Technology Industry Growth
There is no doubt that the tech space is growing at warp speed and is a major part of the United States’ economy. To get a good idea of just how much, in its Cyberstates 2016 report, non-profit trade association CompTIA, found that employment in the tech industry had its highest growth rate in more than a decade—marking the fifth year of consecutive growth for the industry with employment for the year reaching 6.7 million, which was a gain of around 200,000 from the previous year.
According to the findings in the report, IT services led the charge adding 105,400 jobs—a figure that represents more than half of the overall job growth in tech and makes total employment of IT services around 2.2 million. Next in growth percentage was the engineering services, R&D and testing sector, which added 48,100 jobs for a total of 1.7 million employees. Third was telecommunications and Internet services, which added 35,700 employees for a total of around 1.325 million. And fourth was software with 5,300 employees added.
With Growth Comes Challenges
With the exponential job growth and “blink of an eye” changes in the tech industry, comes something else in the industry that is also increasing in size and transforming. And that’s the shortage of skilled IT talent to fill positions.
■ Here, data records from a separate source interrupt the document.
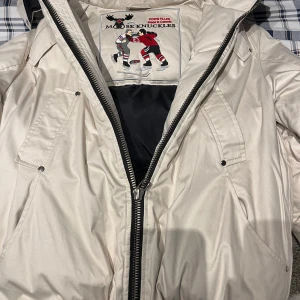 Vit dunjacka med pälskrage från Moose Knuckles - Säljer en snygg vit dunjacka från Moose Knuckles med avtagbar huva och pälskant. Jackan har flera fickor med lock och dragkedja framtill. Klassisk logga på ärmen och coolt innerfoder med hockeymotiv.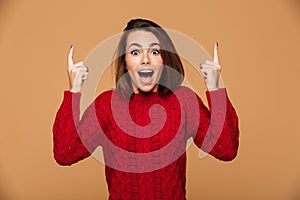 Happy exited young woman in red sweater pointing up with two fin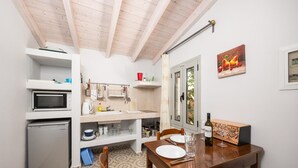 Cocina compacta con microondas, fregadero y refrigerador pequeño. Hay una mesa de comedor con sillas y una botella de vino.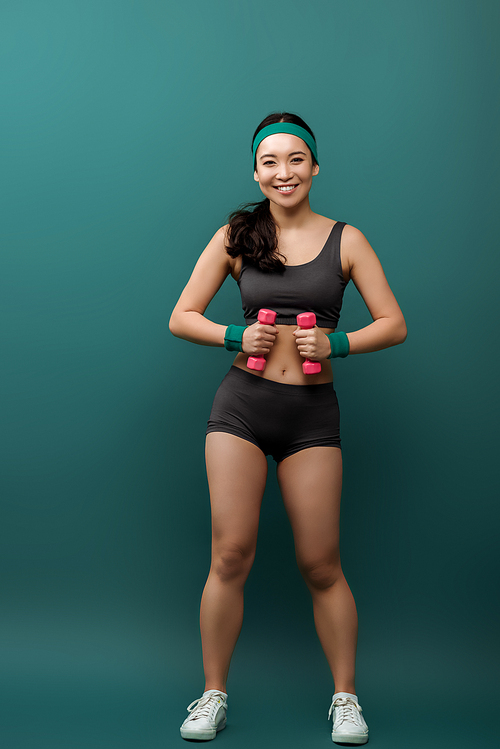 Front view of asian sportswoman , smiling and holding dumbbells on green background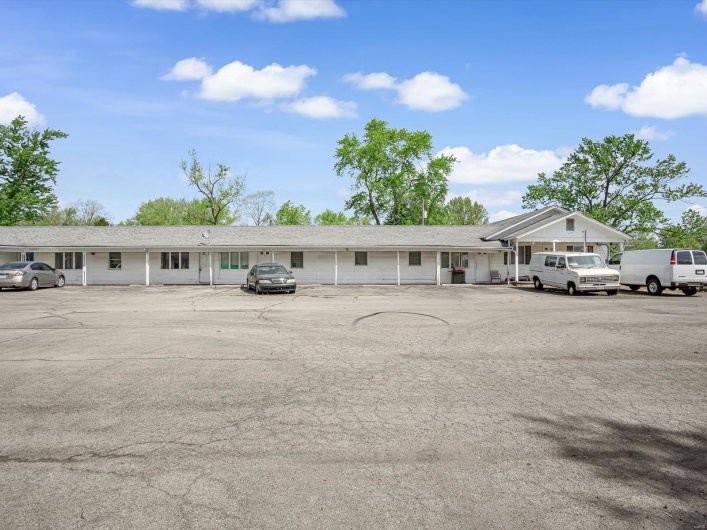 View of building exterior featuring uncovered parking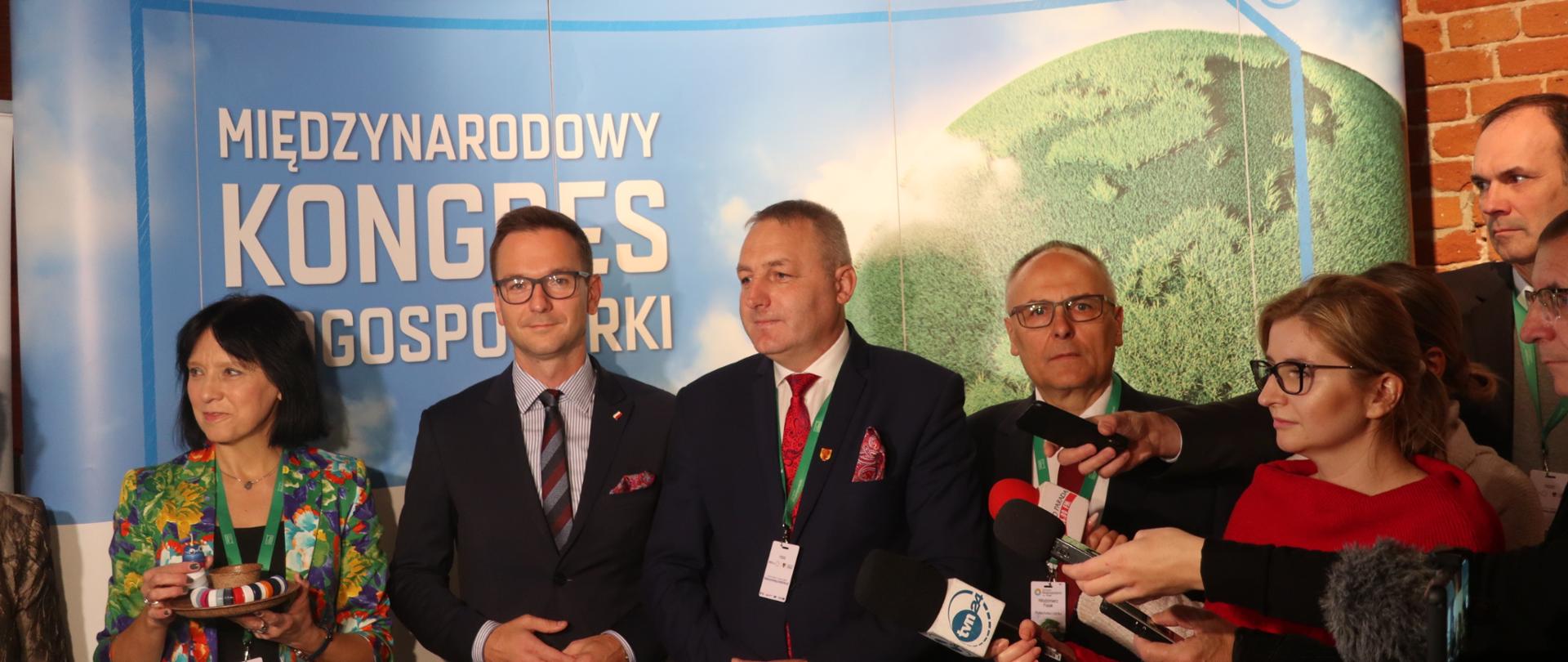 Na zdjęciu stoi sześć osób, drugi z lewej wiceminister Waldemar Buda, w tle baner z napisem Międzynarodowy Kongres Biogospodarki
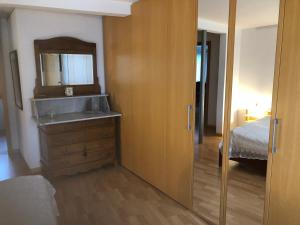 a bathroom with a sink and a mirror and a bed at Albergo Diffuso Porrentruy in Porrentruy +37 photos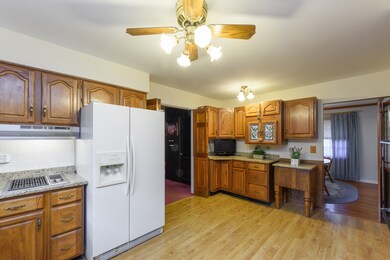 Leads to dining room and to large family room with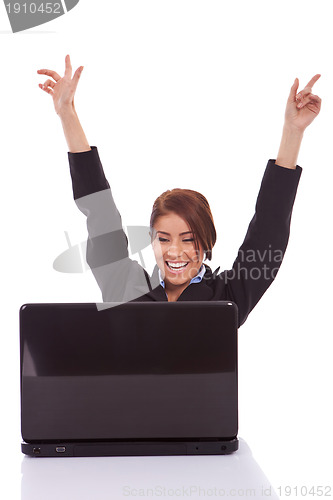 Image of  business woman in office jubilates at desk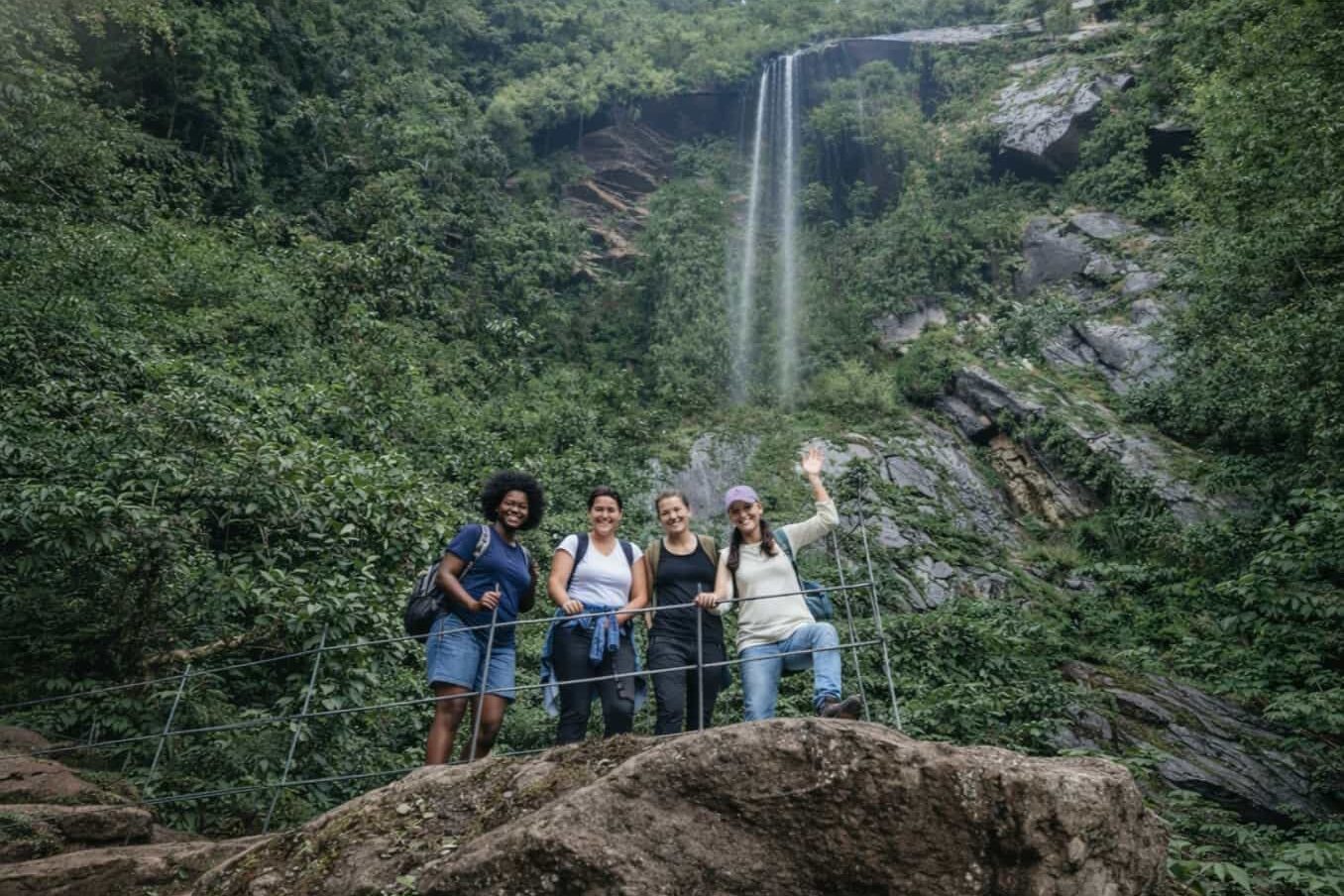 hikers walking along a mountain trail surrounded by Andean forest landscape in Choachí Colombia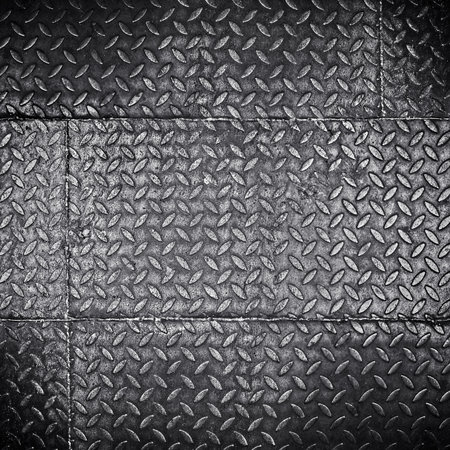 Metal texture with rhombus pattern. Grunge background.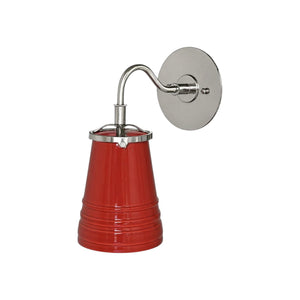 The Nantucket J-Arm Sconce in Pomegranate features a polished metal arm, round base, and a downward-facing red ceramic shade that provides warm ambient lighting.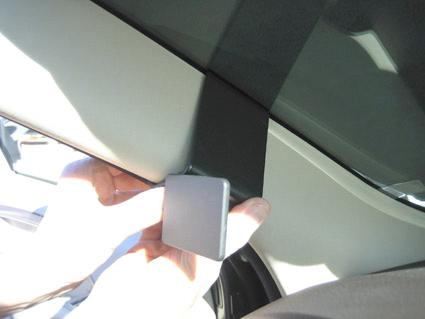 En hand håller i en svart fäste vid bilens tak.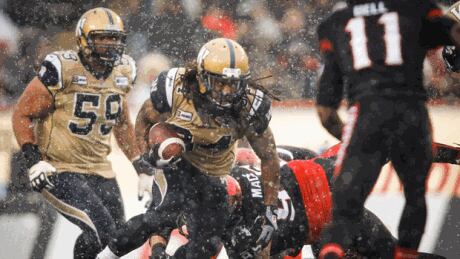 Winnipeg Blue Bombers Paris Cotton, centre, dodges Calgary Stampeders players during first half CFL football action in Calgary, Saturday, Nov. 1, 2014. Winnipeg vs. Calgary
In a recent article from the Boston Globe, the shortage of skilled IT talent has become the top issue for many Massachusetts companies, with many tech executives and managers seeing the shortage as a threat to their ability to expand and develop new technologies. In other words, a threat to their company’s continued growth and prominence.
Additionally, human resource consulting firm Randstad, in its annual Workplace Trends report released in June of this year, found that the inadequate supply of qualified and skilled talent is the second biggest threat to companies’ ability to meet revenue or business performance targets—second only to “increased competitive pressures.”
Outsourcing Rurally to the Rescue
With IT project managers under more pressure than ever to deliver projects faster, meet targets and grow business while keeping costs under control, hiring for higher level positions while outsourcing lower level positions is an effective method to accomplish these goals.
Outsourcing allows IT managers to focus on core competencies, frees internal sources, reduces labor costs and lowers risk, while increasing efficiency and competiveness. But just as what the incoming president is talking about—keeping jobs in America—what we are also talking about is not outsourcing to countries in the Far East or south of the border—we are talking about outsourcing onshore and specifically in rural America.
Rural sourcing is one of the fastest growing segments of the IT industry and a key component in both bringing back and keeping high skilled IT jobs on home soil. And while its service model can provide many benefits to corporations doing business in America, it can also benefit lives by providing challenging and rewarding IT careers to individuals. And as a result, small American communities thrive, as sourcing rurally helps ensure local spending and inspires wealth creation, which is a “win-win-win” for this country.
With domestic rural sourcing providers, there’s no longer a need for IT executives and managers to go overseas for skilled IT talent, they can find the talent they need to get the job done right the first time right in their own backyard. And in doing so, can help “Make America Great Again” which we are certain to be hearing about in the inaugural address.